Poland: Composition of GDP facilitating disinflation, price growth to remain high
Fourth-quarter GDP fell by 2.4% quarter-on-quarter (SA, flash estimate) after expanding by 1.0% QoQ in the previous quarter. The beginning of 2023 will be difficult, but we expect 1% economic growth this year, mainly to be driven by net exports. The composition of GDP should support disinflation, however, price growth is still projected to remain high
According to the preliminary estimate (flash) Poland’s GDP fell by 2.4% quarter-on-quarter (seasonally adjusted data) in the fourth quarter of 2022 after rising by 1.0% QoQ in the third quarter. The economic growth was choppy in 2022, with quarters of rising activity interspersed with quarters of decline (QoQ SA). On an annual basis, growth slowed to 2.0% in the fourth quarter from 3.6% year-on-year in the third quarter. Based on full 2022 data and previously published quarterly data, we estimate that the fourth quarter saw household consumption decline by around 1.5% YoY, while investment went up by more than 5% YoY. Both changes in inventories and net exports contributed positively to annual growth in the final quarter of 2022.
Poland's GDP %, QoQ (seasonally adjusted)

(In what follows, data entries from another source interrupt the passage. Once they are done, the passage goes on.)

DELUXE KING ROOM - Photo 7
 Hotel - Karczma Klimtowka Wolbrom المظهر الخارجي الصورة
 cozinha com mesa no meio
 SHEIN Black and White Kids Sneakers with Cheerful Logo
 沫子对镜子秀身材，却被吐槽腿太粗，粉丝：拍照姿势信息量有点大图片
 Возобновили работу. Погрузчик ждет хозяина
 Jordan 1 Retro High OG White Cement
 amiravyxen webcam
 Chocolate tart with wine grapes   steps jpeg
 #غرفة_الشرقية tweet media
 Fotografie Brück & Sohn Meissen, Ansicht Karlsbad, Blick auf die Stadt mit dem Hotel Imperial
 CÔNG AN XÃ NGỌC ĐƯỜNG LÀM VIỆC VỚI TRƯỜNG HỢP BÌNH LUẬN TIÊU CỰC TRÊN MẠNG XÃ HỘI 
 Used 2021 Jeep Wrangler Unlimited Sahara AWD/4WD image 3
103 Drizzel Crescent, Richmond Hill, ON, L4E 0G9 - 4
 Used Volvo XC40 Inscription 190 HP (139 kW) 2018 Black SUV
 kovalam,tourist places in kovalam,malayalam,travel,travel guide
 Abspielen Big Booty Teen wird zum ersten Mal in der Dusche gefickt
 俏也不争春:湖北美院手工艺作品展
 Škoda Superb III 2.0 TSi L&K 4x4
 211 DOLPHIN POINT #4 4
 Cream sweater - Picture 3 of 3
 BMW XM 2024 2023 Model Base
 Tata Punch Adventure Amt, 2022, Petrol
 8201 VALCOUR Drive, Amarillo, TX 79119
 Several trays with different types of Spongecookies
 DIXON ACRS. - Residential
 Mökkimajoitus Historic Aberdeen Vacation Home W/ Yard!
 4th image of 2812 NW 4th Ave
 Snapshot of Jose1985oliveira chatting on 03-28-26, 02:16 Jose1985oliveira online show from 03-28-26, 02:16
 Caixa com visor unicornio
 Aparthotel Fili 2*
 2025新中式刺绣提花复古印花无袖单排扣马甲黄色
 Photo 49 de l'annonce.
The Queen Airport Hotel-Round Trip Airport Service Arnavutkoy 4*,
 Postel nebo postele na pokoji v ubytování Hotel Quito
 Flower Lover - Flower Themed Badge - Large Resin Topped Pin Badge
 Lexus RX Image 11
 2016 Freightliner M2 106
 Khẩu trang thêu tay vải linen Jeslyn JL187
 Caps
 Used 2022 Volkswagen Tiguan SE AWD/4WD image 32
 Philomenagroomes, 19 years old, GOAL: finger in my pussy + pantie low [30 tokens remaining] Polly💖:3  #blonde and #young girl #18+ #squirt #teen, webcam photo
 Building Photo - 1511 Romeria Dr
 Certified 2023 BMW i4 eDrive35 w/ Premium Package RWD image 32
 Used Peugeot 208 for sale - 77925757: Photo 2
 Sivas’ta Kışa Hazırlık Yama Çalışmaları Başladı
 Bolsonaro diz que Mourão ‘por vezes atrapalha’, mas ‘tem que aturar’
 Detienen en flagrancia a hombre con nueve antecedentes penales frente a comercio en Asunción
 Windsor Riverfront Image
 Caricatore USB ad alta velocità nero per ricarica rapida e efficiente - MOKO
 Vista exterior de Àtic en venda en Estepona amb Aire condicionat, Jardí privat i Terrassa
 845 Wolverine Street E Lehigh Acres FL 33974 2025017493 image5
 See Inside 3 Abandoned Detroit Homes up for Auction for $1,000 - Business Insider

The latest GDP data confirm a further weakening of the Polish economy. The beginning of 2023 will be difficult. In the first quarter we may see a decline in GDP on an annual basis, with our current estimate around -1%, rather than the -2% YoY we feared earlier. The energy crisis in Europe is less acute than previously feared and energy commodity prices have fallen significantly. We forecast economic growth of 1% in 2023. The market consensus is also moving in this direction, whereas until recently forecasts in the 0-0.5% range prevailed.
High inflation negatively affects real disposable income of households, which translates into reduced consumption. In turn, high interest rates and weaker prospects for domestic and foreign demand are weighing on companies' investment plans. However, investment activity may be supported by the public sector in 2023, including military spending, which will, however, simultaneously undercut imports.
We expect GDP growth in 2023 to be mainly driven by net exports, with domestic demand falling. Such composition of growth should favour disinflation, but we expect price increases to be mainly pushed by costs rather than pulled by demand. We still expect consumer price growth in 2023 to be in double digits, with stubbornly high core inflation.